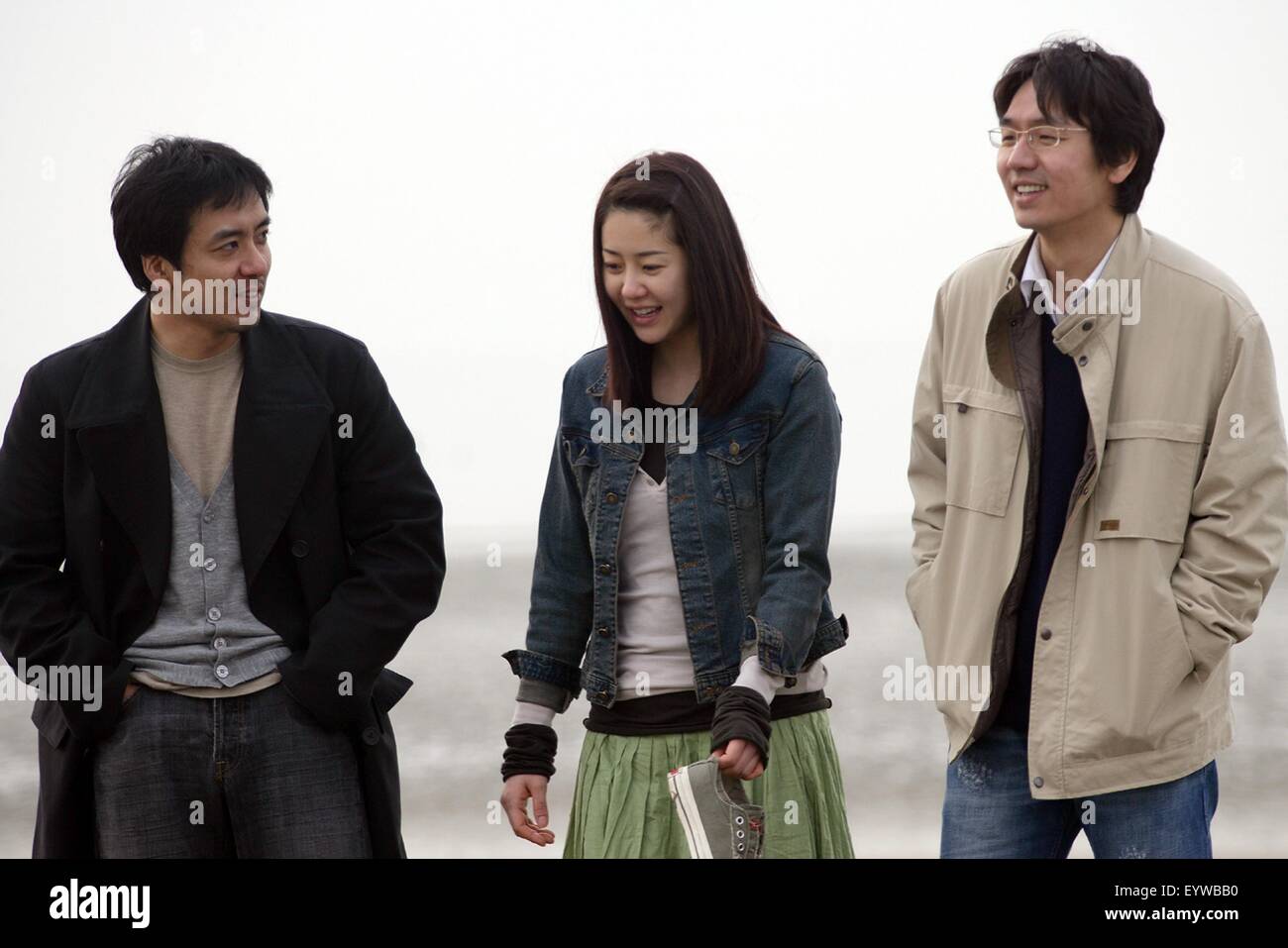 Femme sur la plage ; Haebyeonui yeoin ; Année : 2008 ; Directeur de la Corée du Sud : Hong Sang Soo ; Kim Seung Woo, Ko Hyun Joung, Kim Tae-woo Banque D'Images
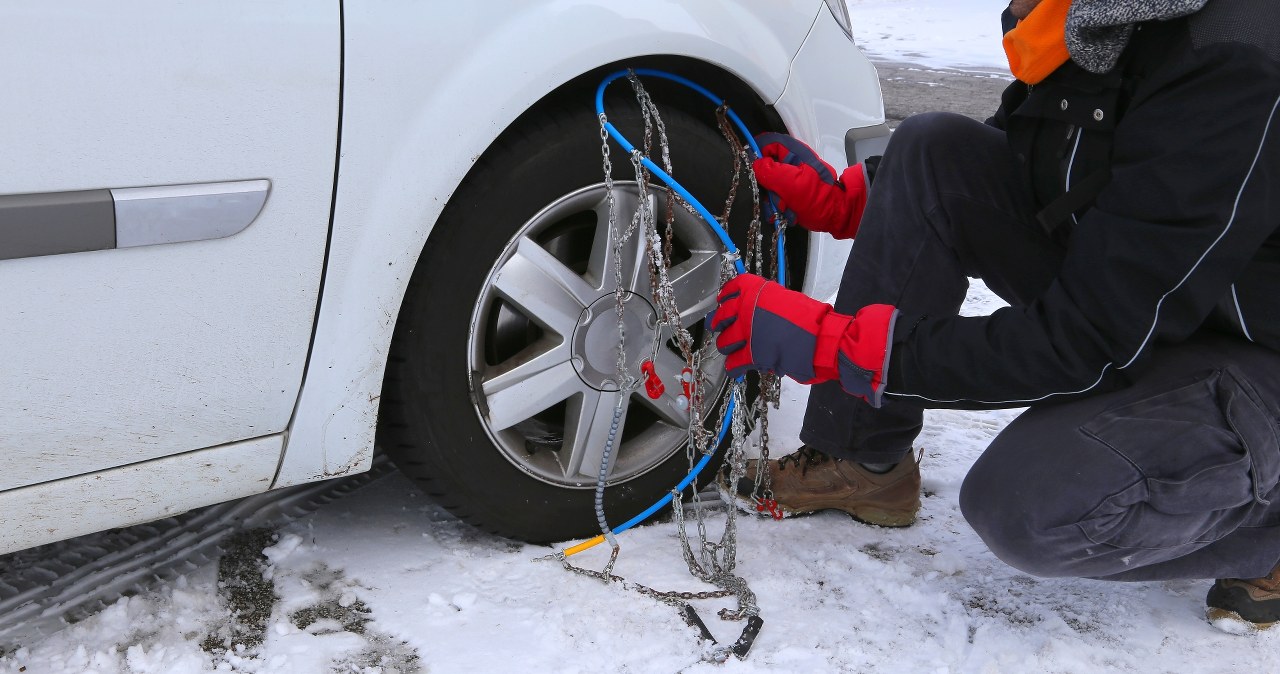 Jak wybrać łańcuchy na koła? Kierowcy nie znają zasad, błąd słono kosztuje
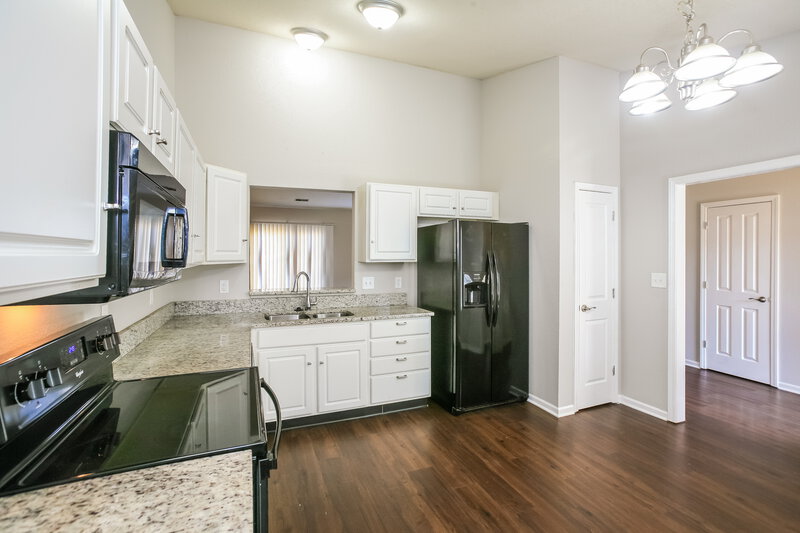 2,010/Mo, 6612 Rushing Riv Noblesville, IN 46062 Kitchen View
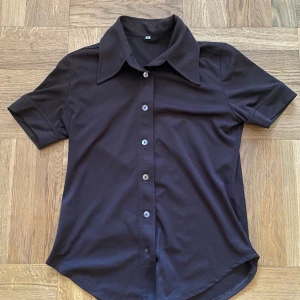 kortärmad skjorta - nyskick, sitter ganska tajt. 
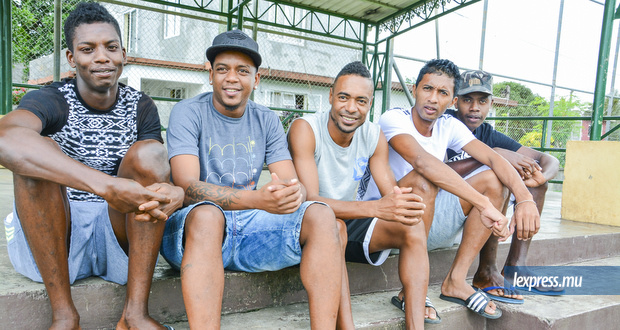 Petite-Rivière-Noire: ces footballeurs souriants et enthousiastes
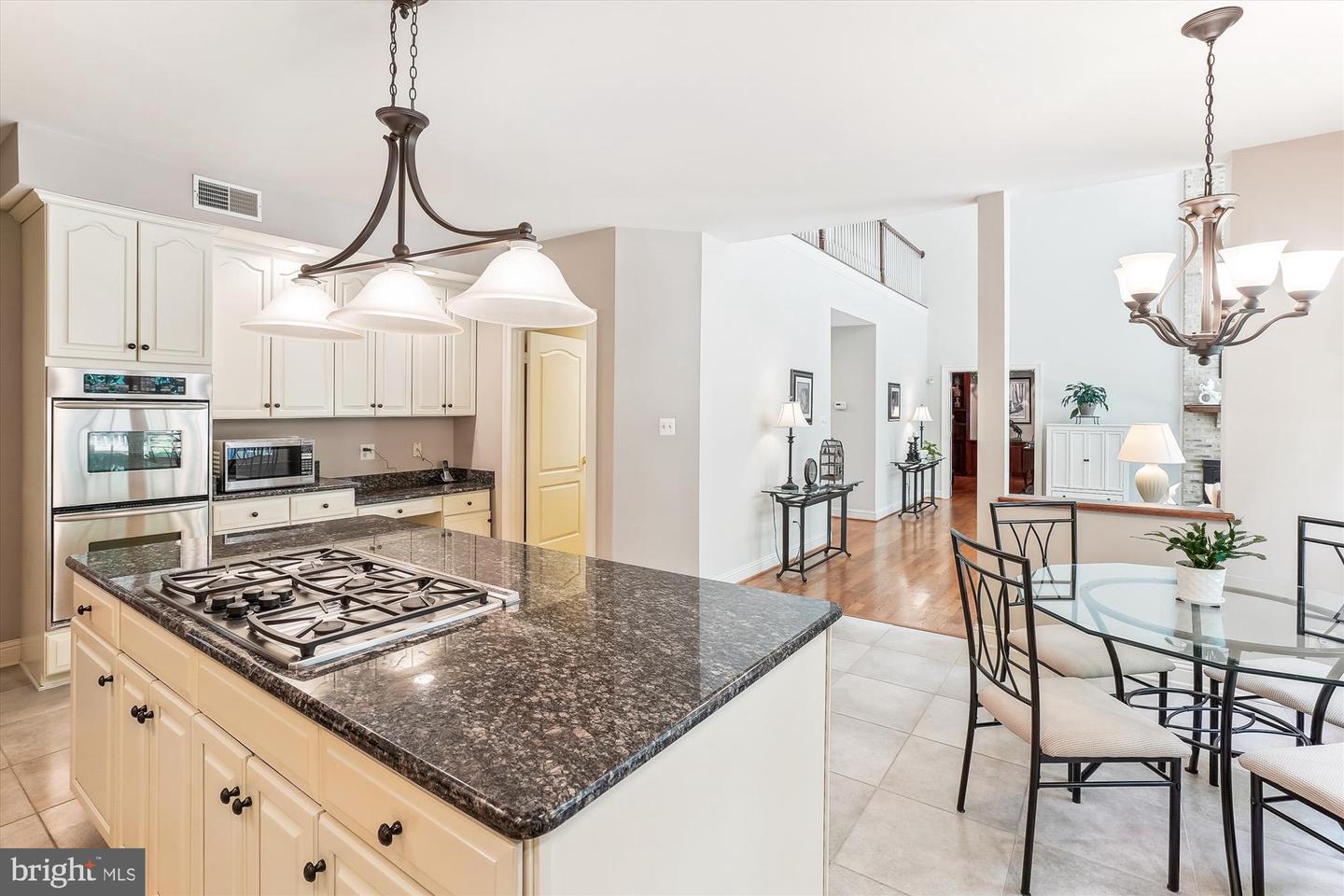 9111 OAK CHASE CT, FAIRFAX STATION, Virginia 22039, 4 Bedrooms Bedrooms, ,3 BathroomsBathrooms,Residential,For sale,9111 OAK CHASE CT,VAFX2245910 MLS # VAFX2245910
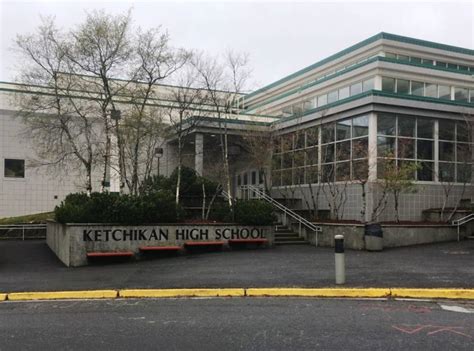 Ketchikan High School closes after reporting COVID-19 cases; charter school sends upper grades home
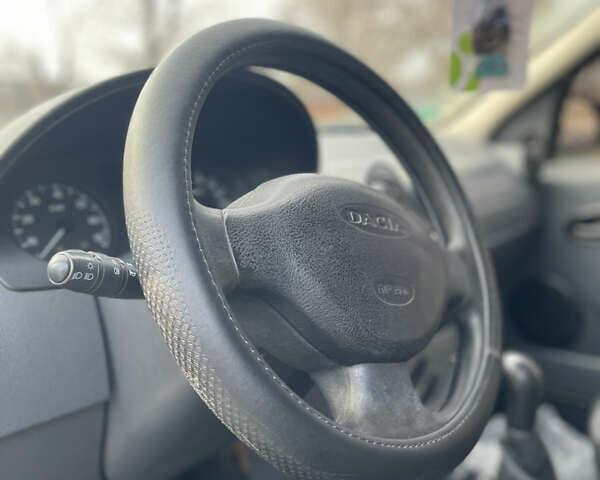 Білий Дачія Logan, об'ємом двигуна 1.6 л та пробігом 170 тис. км за 4400 $, фото 7 на Automoto.ua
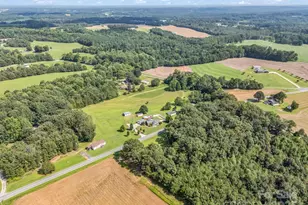 261 Faye Toney Rd, Mooresboro, NC 28114 - Photo 36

Requirement:
Begin at the first line of the entries above and return each line exactly, stopping after the line that contains "upper grades home". Pictures do not belong in the copy.

Output below:
 Femme sur la plage ; Haebyeonui yeoin ; Année : 2008 ; Directeur de la Corée du Sud : Hong Sang Soo ; Kim Seung Woo, Ko Hyun Joung, Kim Tae-woo Banque D'Images
 Jak wybrać łańcuchy na koła? Kierowcy nie znają zasad, błąd słono kosztuje
 2,010/Mo, 6612 Rushing Riv Noblesville, IN 46062 Kitchen View
 kortärmad skjorta - nyskick, sitter ganska tajt. 
 Petite-Rivière-Noire: ces footballeurs souriants et enthousiastes
 9111 OAK CHASE CT, FAIRFAX STATION, Virginia 22039, 4 Bedrooms Bedrooms, ,3 BathroomsBathrooms,Residential,For sale,9111 OAK CHASE CT,VAFX2245910 MLS # VAFX2245910
 Ketchikan High School closes after reporting COVID-19 cases; charter school sends upper grades home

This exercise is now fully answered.